February 20, 2013, 8:48 pm
The government earlier this week recruited 1,800 trainees to the country’s biggest bank, state-controlled the Bank of Ceylon (BOC), a little over a month after its former Chairman resigned with a parting statement that an effort was made to mitigate political pressure for loans and jobs so that the bank could survive.
"With the steep expansion of banking activities in the country many of the banks are facing a shortage of staff to cater to their increasing customers and man bank branches being established throughout the country," the government announced yesterday (20).
"As a solution to this problem Bank of Ceylon has recruited 1,800 trainee staff assistants. A function to award appointment letters to these new recruits was held at Temple Trees on Tuesday (19) under the patronage of President Mahinda Rajapaksa. The new trainee assistants are to be deployed at 602 BOC branches throughout the country. The new recruits have been chosen from 97,000 applications received for these posts," the government said.
It said the bank has close to 10 million customers (nearly half the population) and the assets of the bank has increased to over Rs. 1 trillion.
Earlier this year, media reports said the president’s son, Namal Rajapaksa, had approached the then BOC Chairman Dr. Gamini Wickramasinghe about providing jobs and loans to constituents.
"He is a young politician and you know how young people are. He asked me a certain question and I gave him a suitable answer but that was that. There is no friction or problem between us," Wickremasinghe told journalists last January when he announced his retirement from the bank. He said his resignation had nothing to do with Namal Rajapaksa.

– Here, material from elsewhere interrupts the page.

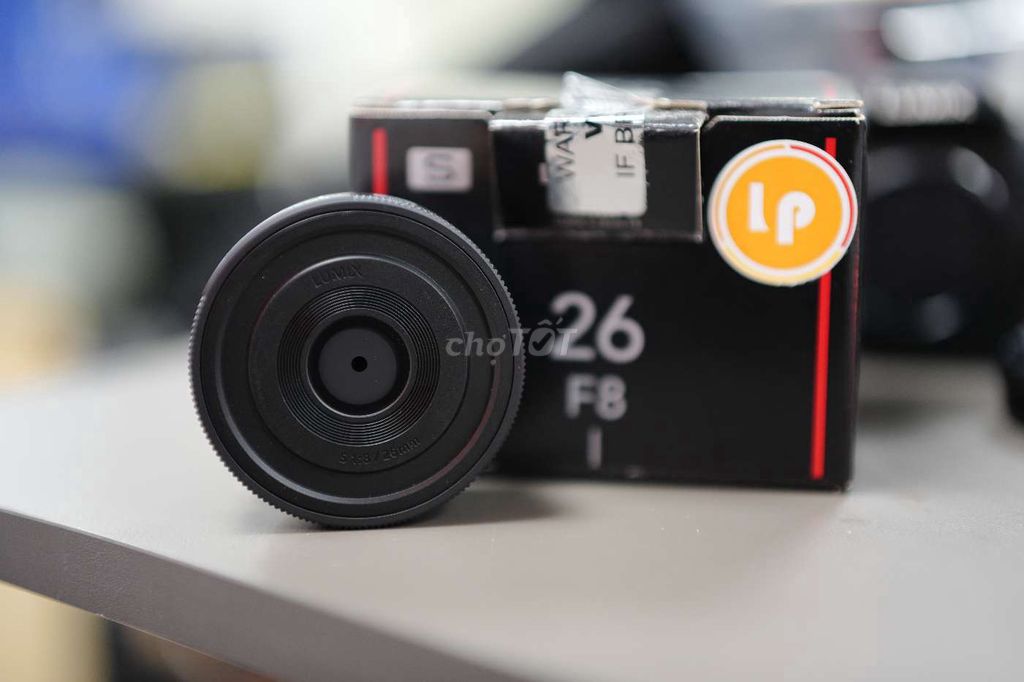 Ống kính Panasonic Lumix 26mm f8 Đen. Mua bán Máy ảnh, Máy quay tại Quận 1 Tp Hồ Chí Minh được đăng bởi Nam hình 1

"My only request to the President was that a political henchman should not be appointed because this could unravel all that we have achieved. There have always been pressure from politicians for jobs and loans but we have always mitigates this and did things by the book, otherwise the bank cannot survive," Dr. Wickramasinghe said.

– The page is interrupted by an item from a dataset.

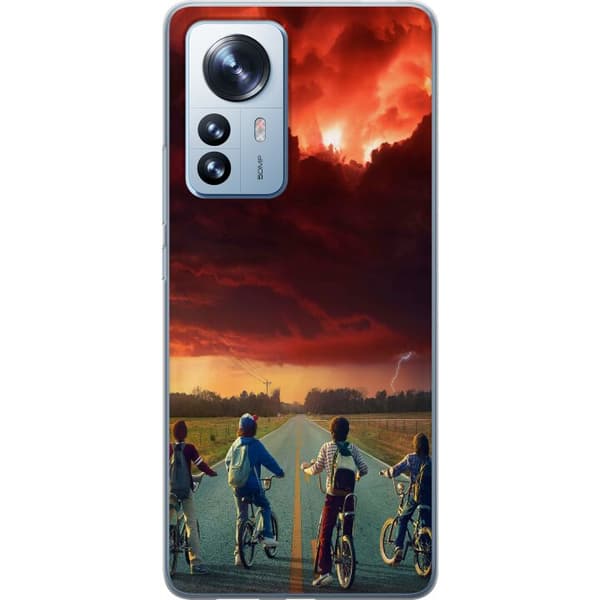 Kompatibelt Mobilskal till Xiaomi 12 Pro Stranger Things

Unaudited accounts for 2012 indicated a profit of Rs. 20 billion.
"Without fresh capital it would be impossible for the bank to reach greater heights and realise its true potential. We submitted a proposal to the Treasury before the budget, suggesting methods that can be used which would not burden the Treasury or the bank, but unfortunately we did not get a favourable response," the BOC Chairman said not elaborating, although hinting at a bond issued up to US$ 500 million, which the bank was quite capable of achieving.
Economists have pointed out that bloating the public service is a popular method for governments to ‘buy’ support, irrespective of the financial consequences.
As to the government’s claim of a shortage of staff, a top banker, not wanting to be named, says the industry is not facing a shortage.
"Each time a bank advertises for entry level positions they get more than 1,000 applications of which around 20 to 30 are chosen. And with the level of technology in the industry, recruitment and training is not an issue. Perhaps, the quality of staff could be questioned, but there is no shortage," he said.
Technology is also making some jobs redundant in the sector.